Hari sudah mulai gelap. Kurang lebih 2 setengah jam kami berjalan. Sawah, hutan, tanjakan, turunan adalah medan yang kami lewati. Di tengah hujan yang pelan pelan menderas, dibalut setelan jas hujan
berwarna ungu, gw membungkukan badan. Gw menggendong carrier di pundak, sambil menggendong sebuah ransel di bagian depan, juga menyelempangkan sebuah
tas kecil. Gw sempurna dalam posisi rukuk. Mengambil nafas. Dibandingkan duduk, posisi ini dapat
membantu kita untuk beristirahat sejenak saat kelelahan berjalan. Melancarkan
peredaran darah tanpa harus kehilangan panas tubuh yang akan membuat lebih
lelah. Gandewa mengajarkan ini kepada gw.
Setelah dianggap cukup, gw menarik tali carrier. Mengencangkannya agar carrier dan pundak gw tak berjarak. Gw kembali berjalan sambil sesekali melihat ke belakang. Uty, Kak Seto, Mushab, dan Kak Nuel bergantian menjijing koper milik Uty yang ukurannya cukup besar. Tentu saja, di medan seperti ini koper tidak bisa ditarik. Bisa bisa tenggelam di dalam lumpur. Koper itu harus dijinjing. Besok besok akan gw bilang kepada Uty, " Ty, udah dibilang jangan bawa butik ke sini. Repot kan"
Gw berniat untuk menawarkan bantuan. Tapi niat itu gw tepis saat gw ingat kondisi gw sekarang. Ini carrier terberat yang pernah gw bawa. Redo (nama carrier gw) berukuran 65 liter. Itu belum termasuk ruang ekstensinya. Biasanya, ruang ekstensi itu tidak pernah dipakai. Bahkan saat gw mendaki ke Semeru sekalipun yang merupakan perjalanan terpanjang gw. Kali ini, muatan barang yang gw bawa begitu banyak. Ruang ekstensi itu terpakai seluruhnya. Belum ditambah dengan ransel dan dalam kondisi kehujanan. Untuk pertama kalinya muka gw sampai merah saat membawa carrier. Gw kepayahan. Baiklah, jangan sok tahu mau bantu orang lain, Tut. Bantu diri lw sendiri.
Tepat di samping tempat gw membungkukan badan tadi, gw tidak menyadari adanya sebuah tiang listrik yang ambruk.
***
Hari kedua di Desa Cipeuti. Hari pertama mengajar. Hari
pertama tanpa kemewahan. Tanpa penerangan.
Jumat, 11 Januari 2013
Saat gw berniat menuliskan tulisan ini, di depan gw, dua
adik angkat gw sedang menggambar cita-citanya. Murti yang tertua.
Gambarnya sebuah toko baju dan sepatu yang berada di pinggir jalan raya. Yap.

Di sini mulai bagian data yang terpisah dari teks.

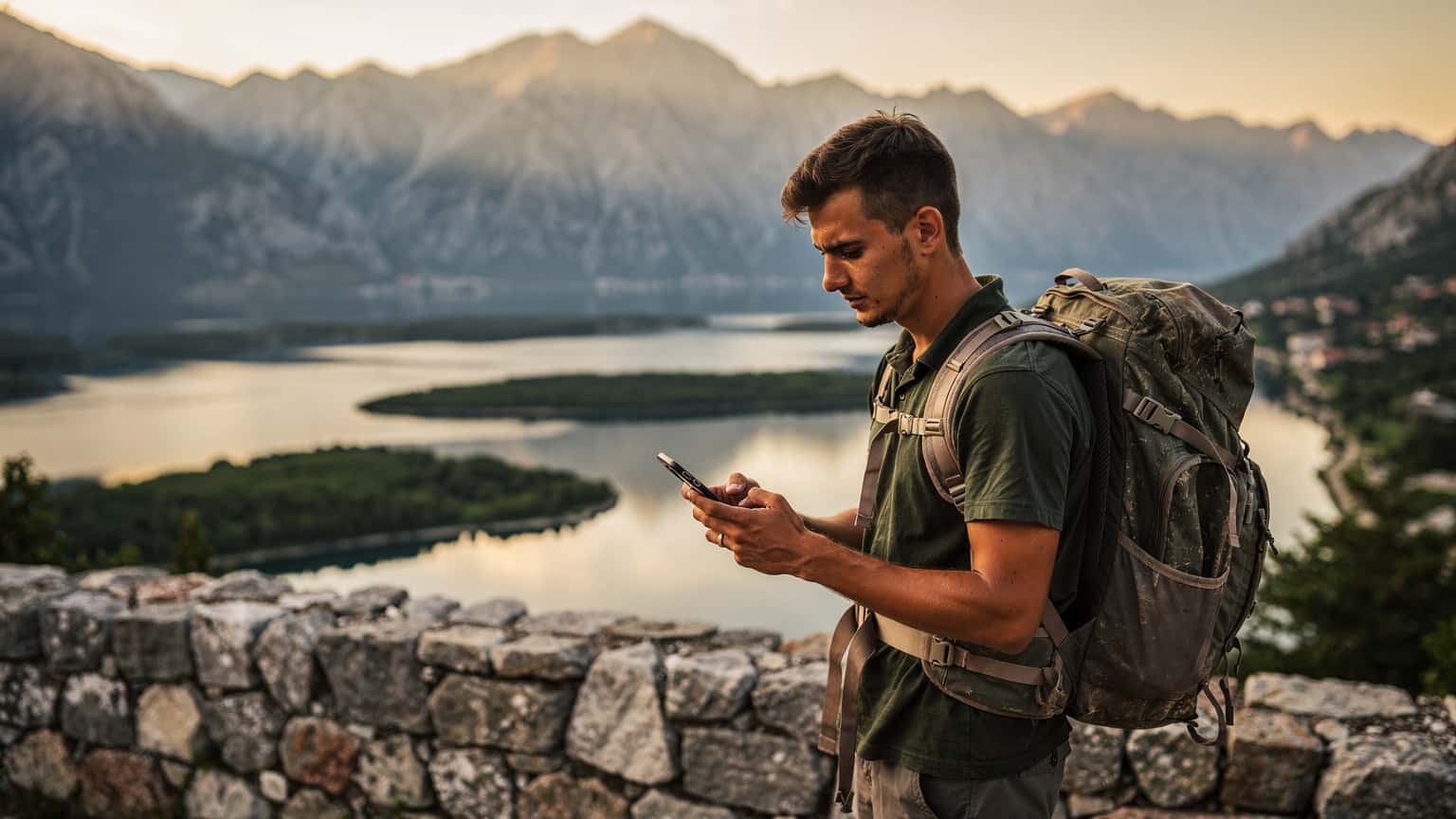 Mladý muž s batohem na zádech si prohlíží telefon na vyhlídce s panoramatickým výhledem na Skadarské jezero a hory na hranicích Albánie a Černé Hory, při východu slunce.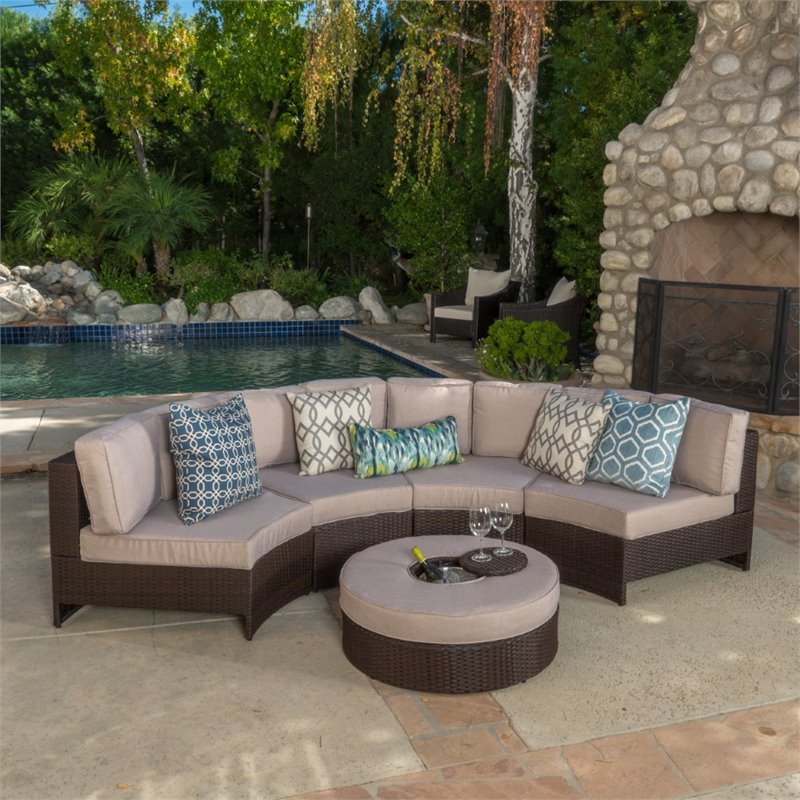 usund Passende Tyr Noble House Madras Saint Luca 5 Piece Outdoor Wicker Sectional Sofa Set in  Beige | BushFurnitureCollection.com
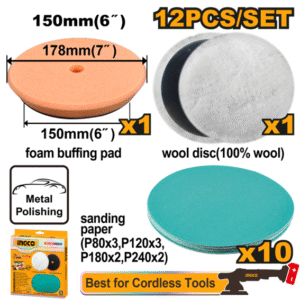 JOGO DE ACESSSÓRIOS PARA POLITRIZ 150MM C/12PC INGCO APG15012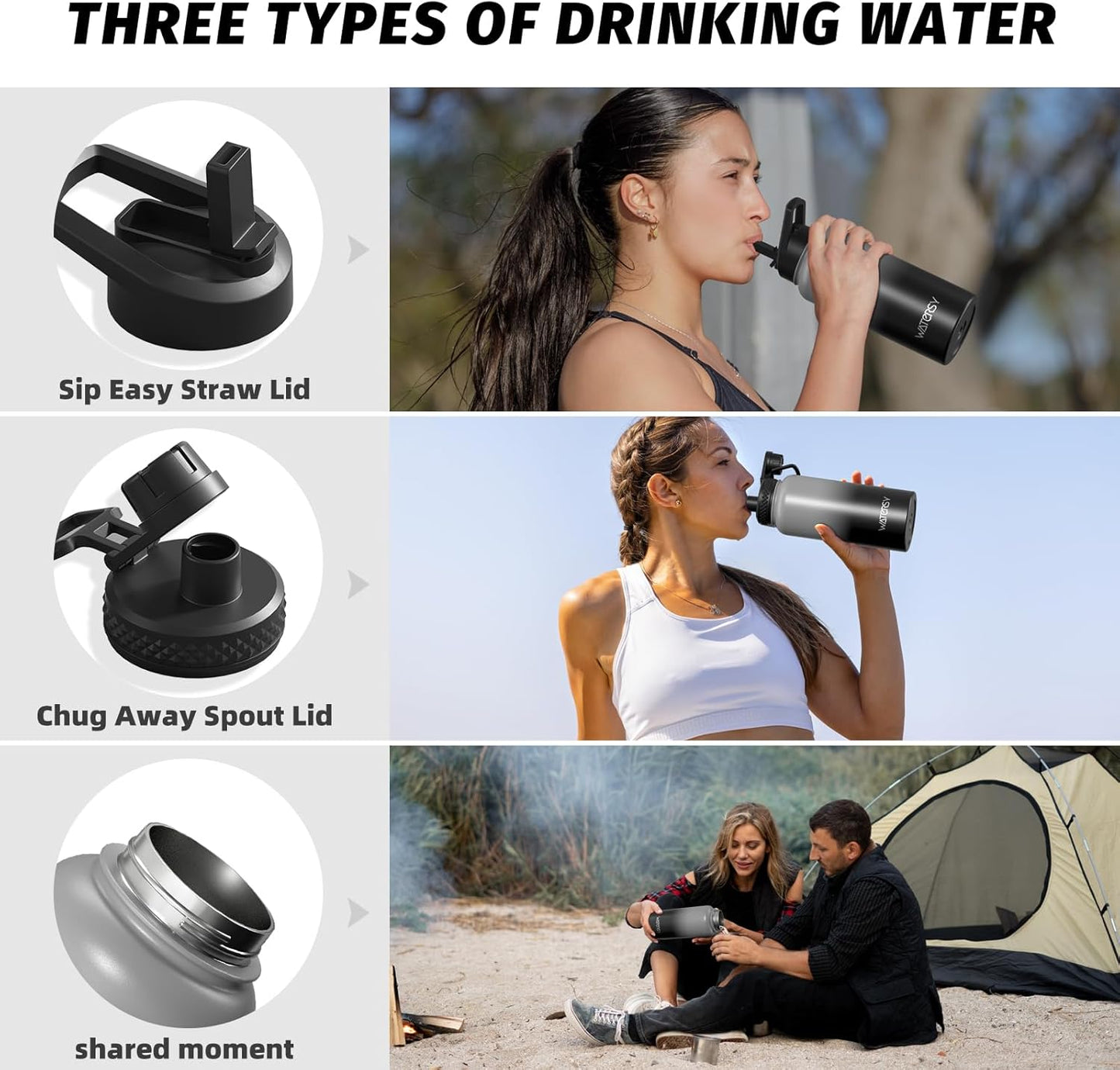 40oz Insulated Water Bottle (Cold for 48 Hrs),BPA Free&Leak Proof,Stainless Steel Water Flask,Water Jug with Straw Spout Lids for Gym,Hiking,Travel,Black Blue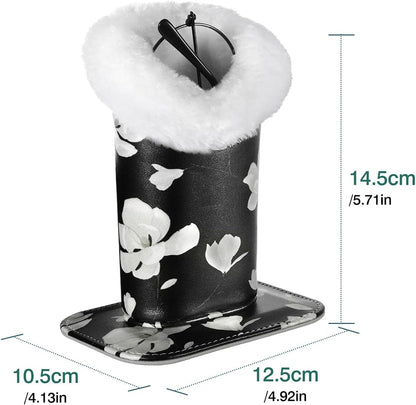MoKo Eyeglasses Holder, Modern Velvet Plush Lined PU Leather Household Magnetic Holder Protective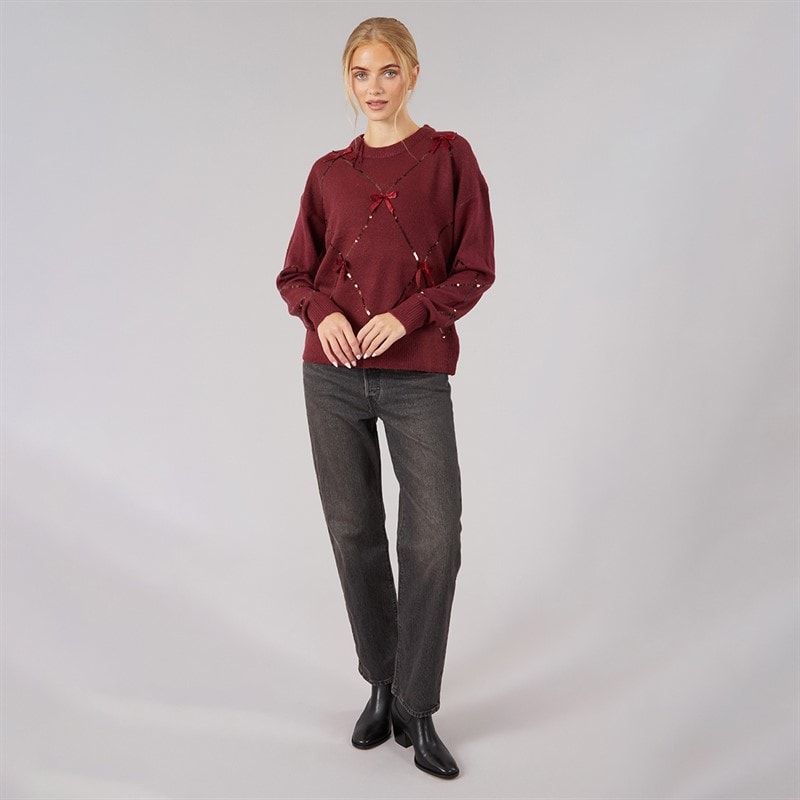 Womens Sequin Crew Neck Jumper Cherry - Image 3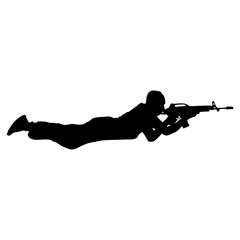 Silhouette of a soldier lying down and aiming a rifle. Military illustration for tactical themes, perfect for stickers, posters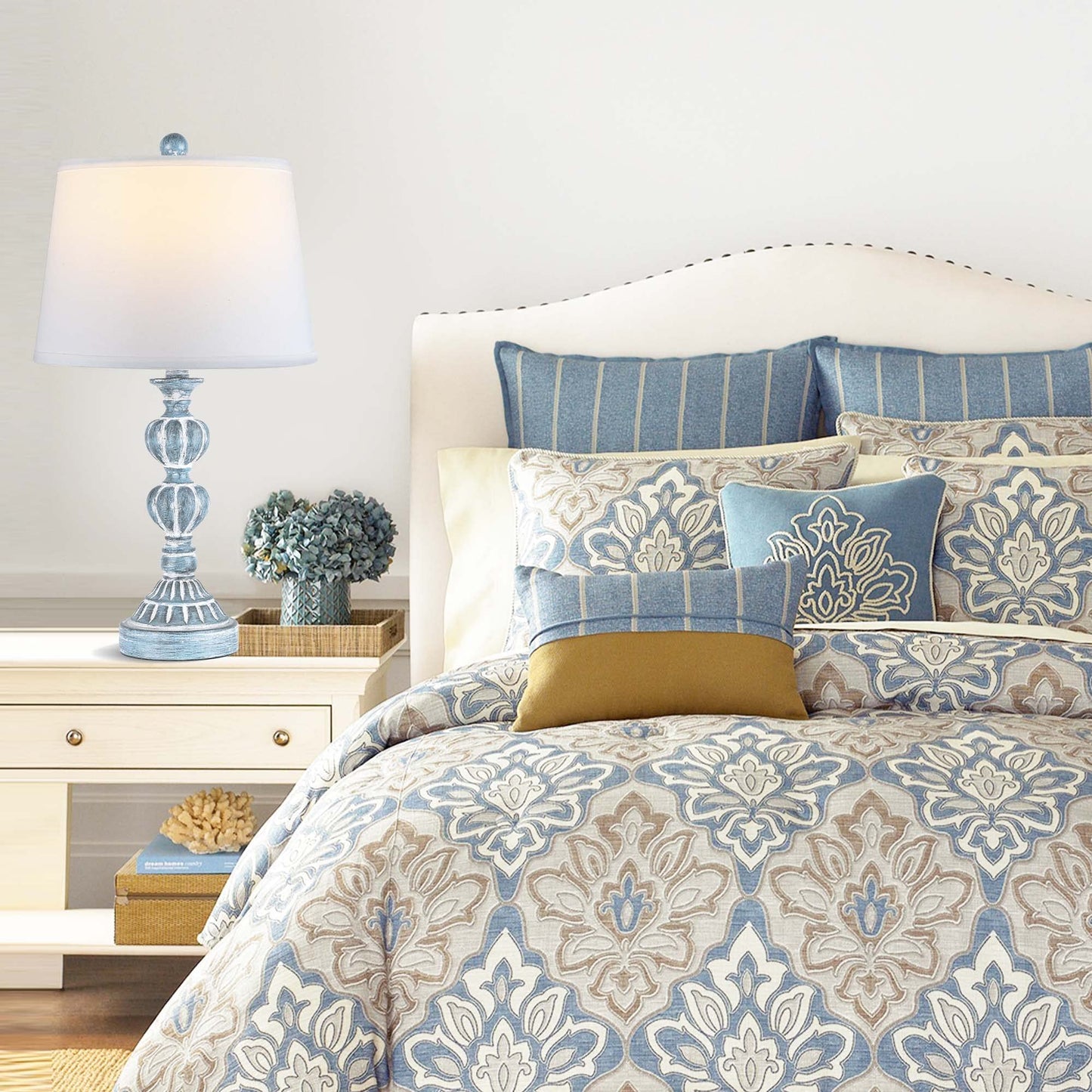 ROTTOGOON Touch Control Table Lamp Set of 2, 3-Way Dimmable Bedside Lamps with 2 USB Charging Ports for Living Room, Bedroom - Blue Washed White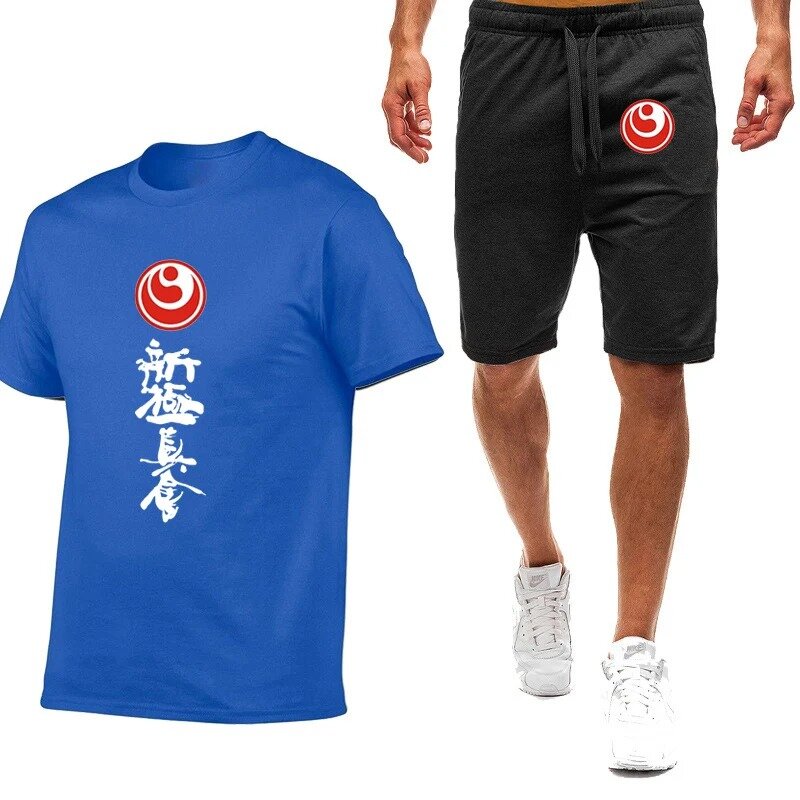 Summer Men Kyokushin Karate Casual Leisure Trendy Movement T-shirt + Shorts New Nine Color Short-sleeved Two-piece Suit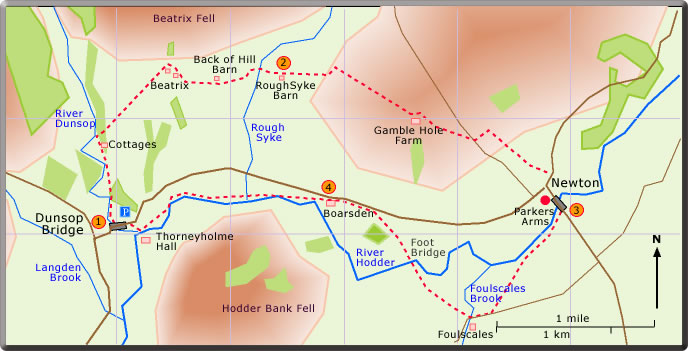 map walk Dunsop Bridge Newton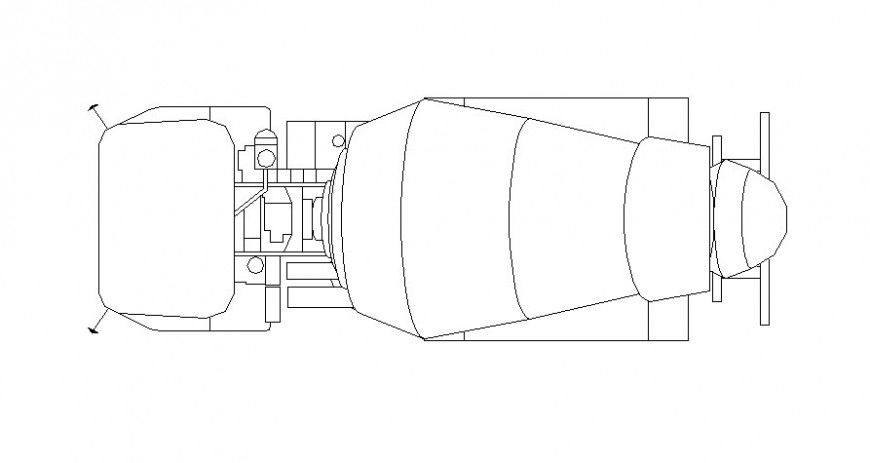 Elevation of RMC truck 2d view in autocad software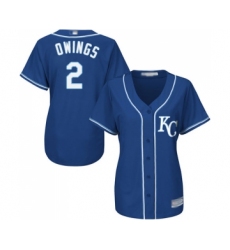 Women's Kansas City Royals #2 Chris Owings Replica Blue Alternate 2 Cool Base Baseball Jersey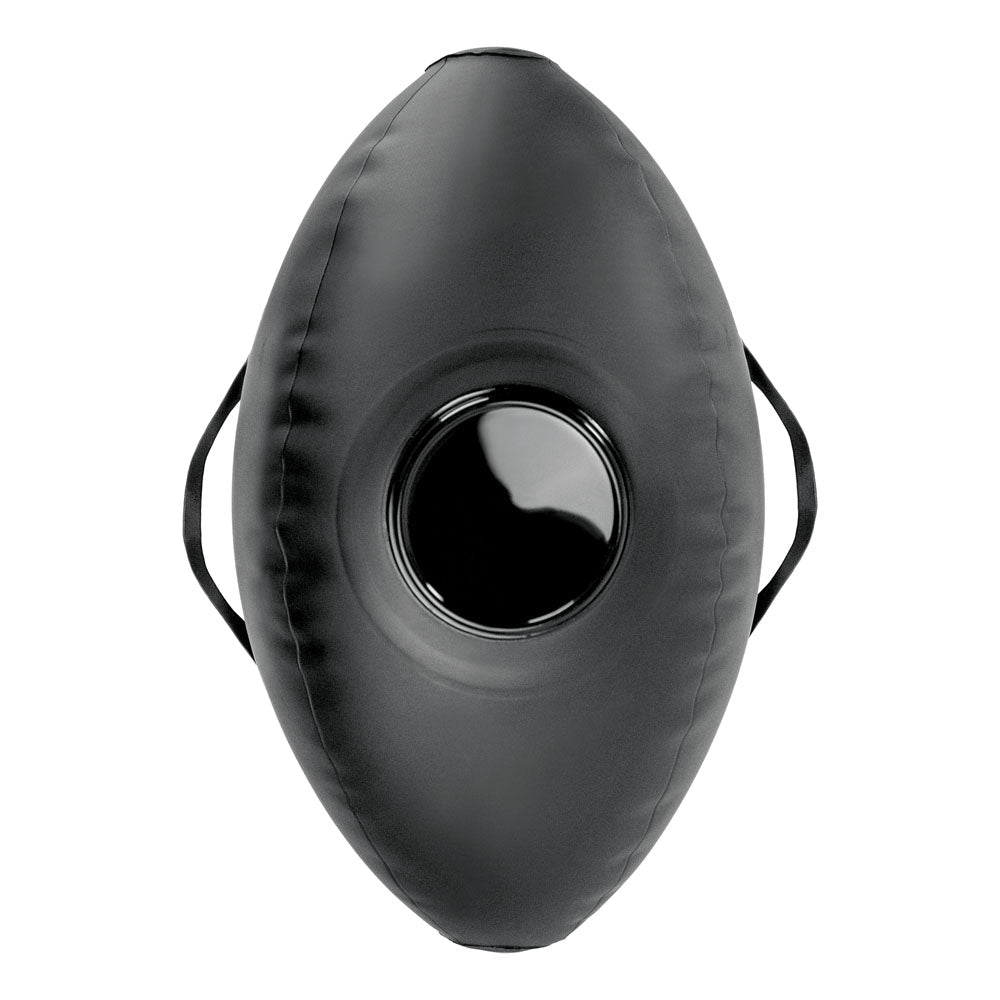 Fetish Fantasy Series Body Dock Inflatable Love Ball - Black Inflatable Cushion with Black 15.2 cm Dildo - Hush Store Sydney 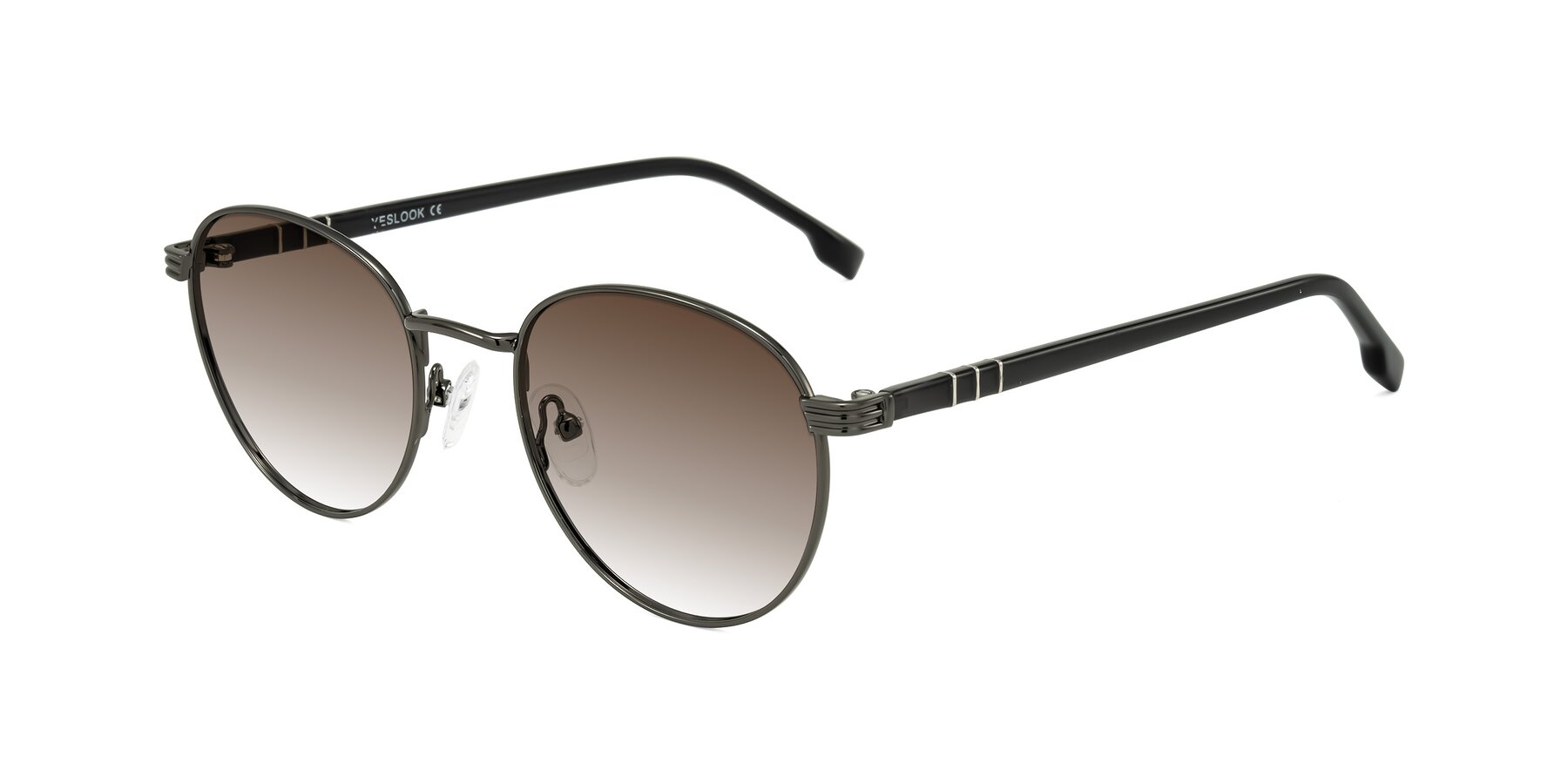 Angle of Orozco in Gunmetal/Dark Gray with Brown Gradient Lenses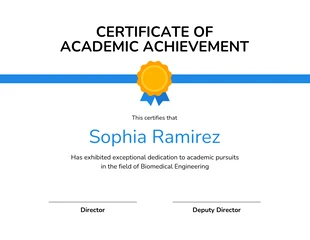 Free  Template: Achievement Certificate for Students Template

Murti bilang ia ingin menjadi pengusaha toko. Sedangkan Sada, si adik laki-laki
menggambar lapangan sepakbola lengkap dengan gawangnya. Ia ingin menjadi
pemain sepakbola (Yang kemudian berubah menjadi dokter). Cita-cita yang biasa kita dengar bukan?
Yang tidak biasa, mereka bersemangat menggambar hanya dengan satu lilin untuk
penerangan. Tiang listrik desa yang ambruk karena hujan besar, menyebabkan
sudah empat hari empat malam tidak ada listrik di desa ini.
Mereka bersekolah di SDN Kertaraharja 1. Tempat gw mengajar
dalam Gerakan UI Mengajar. Hari ini hari pertama gw mengajar. Sebelumnya, gw
mendengar bahwa ada warga yang hampir menangis saat melihat kedatangan kami
dalam kondisi hujan lebat, berjalan kaki dari desa sebelumnya, dengan membawa
bawaan yang luar biasa berat, dan harus melewati kondisi jalan yang… di
kemudian hari membuat gw serasa terbang saat berada di atas aspal.
Sayangnya, warga tidak tahu bahwa bukan hanya mereka yang
hampir menangis. Gw, pengajar kelas 5 SDN Kertaraharja 1 juga hampir menangis
melihat sambutan dan antusiasme anak-anak di sini. Mereka saling berebut
mencium tangan kami sambil mengucapkan salam kepada kami yang mereka ketahui
akan menjadi guru barunya.
Belum banyak yang bisa gw tumpahkan di tulisan ini. Tapi
yang perlu kawan ketahui, kata siapa anak Indonesia pemalas? Di sini,
kami menemukan banyak anak yang tetap menerjang hujan dan lumpur, tiba di
sekolah satu jam sebelum mereka masuk, walaupun mereka tahu terkadang harus
pulang kembali karena guru mereka tidak akan datang karena hambatan geografis.